The purpose of this clinical trial is to evaluate the efficacy and safety of Sodium Dihydrogen Phosphate and Disodium Hydrogen Phosphate Granules for the treatment of participants with mild, moderate, and severe hypophosphatemia. The main questions it aims to answer are:

Does enteral supplementation of Sodium Dihydrogen Phosphate and Disodium Hydrogen Phosphate Granules elevate participants' serum phosphorus? Does enteral supplementation of Sodium Dihydrogen Phosphate and Disodium Hydrogen Phosphate Granules cause gastrointestinal complications? Participants with hypophosphatemia will receive Sodium Dihydrogen Phosphate and Disodium Hydrogen Phosphate Granules orally or via nasogastric tube to observe the efficacy and safety of enteral phosphate supplementation.

Participants will take Sodium Dihydrogen Phosphate and Disodium Hydrogen Phosphate Granules daily, with varying doses based on the severity of hypophosphatemia, for a maximum of 14 days.

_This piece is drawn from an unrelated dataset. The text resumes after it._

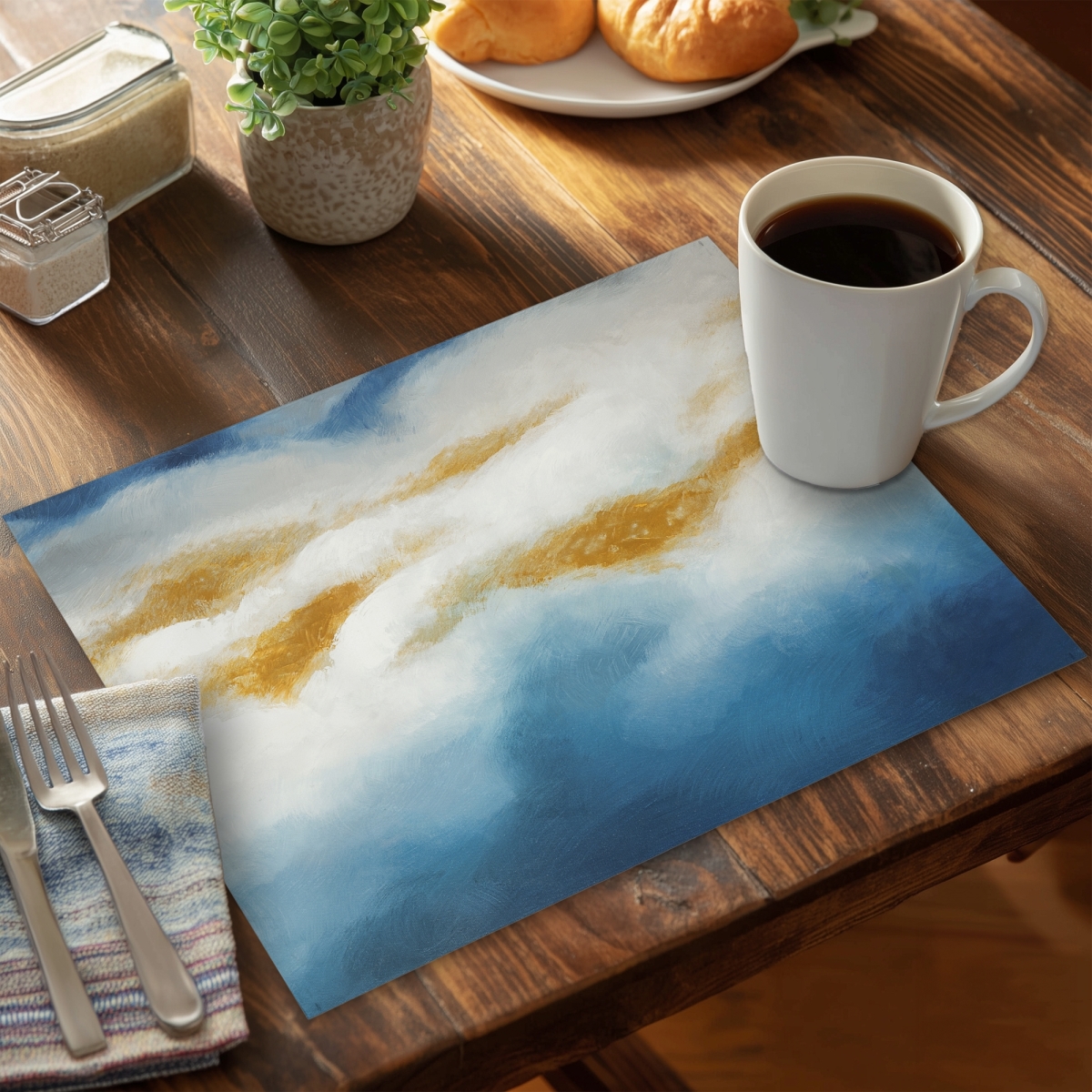 Picture of Begin Home Decor C6PP1418KKKH0H 14 x 18 in. Abstract Clouds Polyester Placemat - Stylish Home Decor - Set of 6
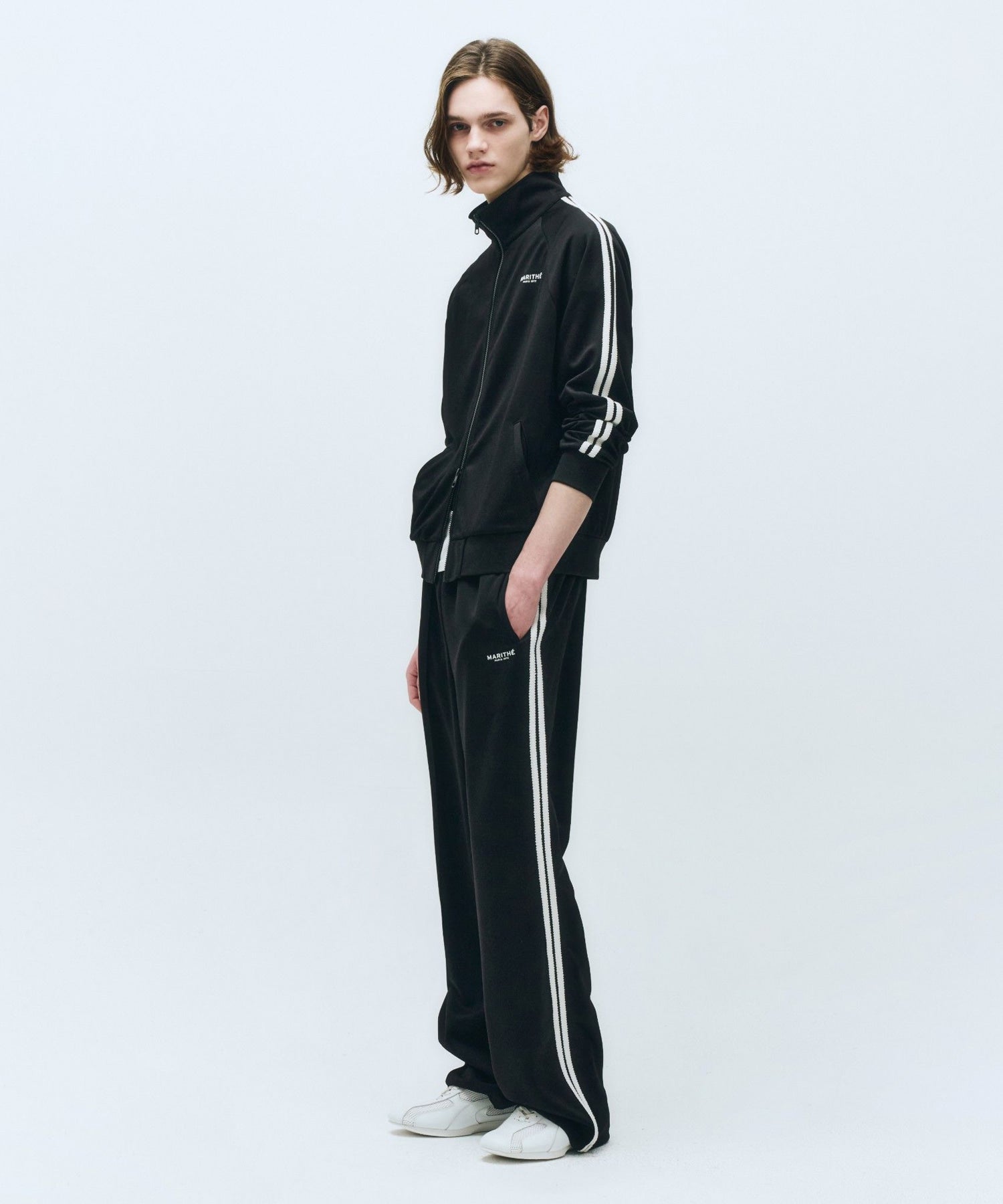 Marithe & Francois Girbaud - Regular Logo Track Pants (Black) product image 1 | TRAB K-Fashion Australia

The effect of phosphate supplementation will be assessed daily through blood draws, and their gastrointestinal symptoms will be recorded.

Eligibility

Inclusion Criteria:

1. Aged 18-80 years (inclusive), regardless of gender;
2. ICU inpatients with a serum phosphate concentration \<0.80 mmol/L, and for whom the clinician determines phosphate supplementation is required;
3. Ability to receive enteral nutrition, with a daily enteral caloric intake ≥10 kcal/kg/day;
4. The subject or their legal guardian fully understands the purpose and significance of this trial, voluntarily agrees to participate, provides written informed consent, and is willing to strictly adhere to the clinical study protocol and complete the study.

Exclusion Criteria:

1. Pregnant and lactating women;
2. Patients with contraindications for enteral administration, such as acute upper gastrointestinal bleeding, mechanical intestinal obstruction, severe acute pancreatitis, digestive tract fistula, gastrointestinal dysfunction, intra-abdominal hypertension, enteral feeding intolerance, or continuous gastrointestinal decompression;
3. Expected ICU stay ≤96 hours;
4. Known allergy to any component of the investigational drug or drugs with a similar chemical structure;
5. Severe renal impairment: estimated glomerular filtration rate (eGFR) \<30 mL/min/1.73m²;
6. Subjects with hyperthyroidism requiring clinical intervention;
7. Subjects requiring sodium restriction;
8. Other conditions deemed by the investigator as unsuitable for inclusion.